English cricketer (1834–1914)

Joseph McCormick (29 October 1834 at Liverpool – 9 April 1914 at Westminster) was an English amateur cricketer who played from 1854 to 1866.

Joseph McCormick was educated at Bingley Grammar School and St John's College, Cambridge. A right-handed batsman and right arm slow roundarm bowler who was mainly associated with Cambridge University and Marylebone Cricket Club (MCC), he made 19 known appearances. He claimed, while playing on Parker's Piece, to have hit a fast bowler to leg and run nine runs for it. In 1856, the year he captained Cambridge University at cricket, he was also a rowing blue. He played for the Gentlemen in the Gentlemen v Players series.

After Cambridge, he studied at Trinity College, Dublin, Ireland, gaining a BD (Bachelor of Divinity) and a DD (Doctor of Divinity). He was Ordained Deacon of London in 1858 and Priest in 1859

He was made Rector of St James, Piccadilly, London (1900–1914) where an outside pulpit was erected by Friends in 1904; Canon of York Cathedral from 1884 to 1901, and Hon. Chaplain to Queen Victoria, King Edward VII and King George V.

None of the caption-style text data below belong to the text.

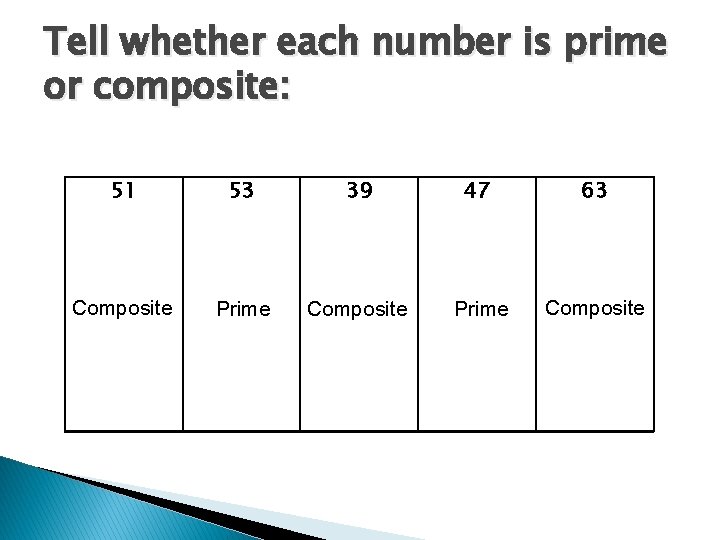 Tell whether each number is prime or composite: 51 53 39 47 63 Composite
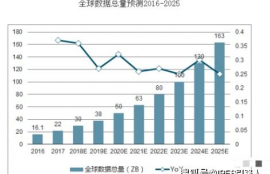 filecoin币价格行情分析最新,市场概况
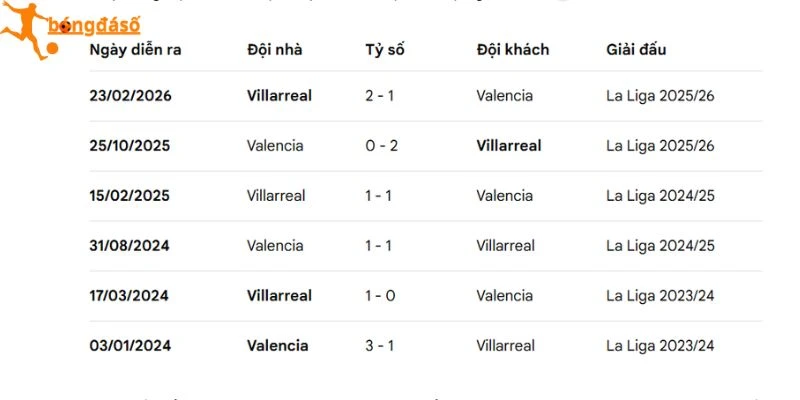Lịch sử chạm trán giữa Valencia và Villarreal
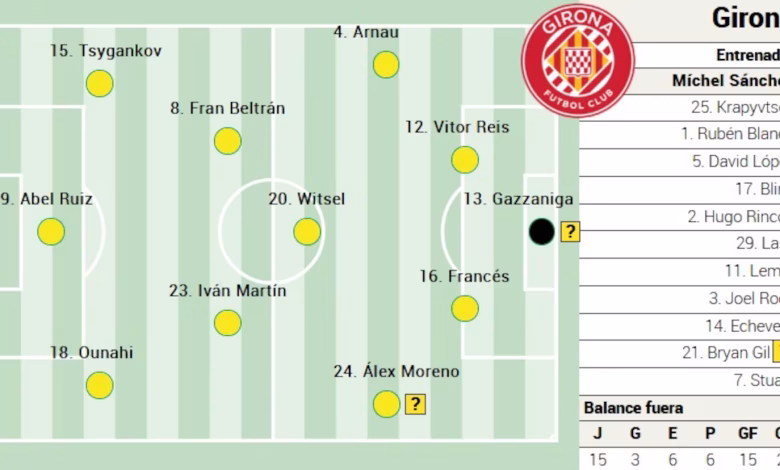 تشكيلة جيرونا أمام ريال مدريد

He published a collection of sermons entitled "What is Sin?" and a book: “Why I Am Not a Roman Catholic”. He died at St James Rectory on 9 April 1914

McCormick married Francis Harriet Haines on 20 April 1871 in Dublin, Ireland, the daughter of Lieut-Col. Gregory Haines & Jane Elizabeth Mona Gough, dau of Ist Viscount Gough

Both of their sons, Pat and Gough, were clergymen, Gough became Dean of Manchester and Pat also achieved notoriety as a sportsman.

There is a memorial to Joseph McCormick in St James's Church, Piccadilly.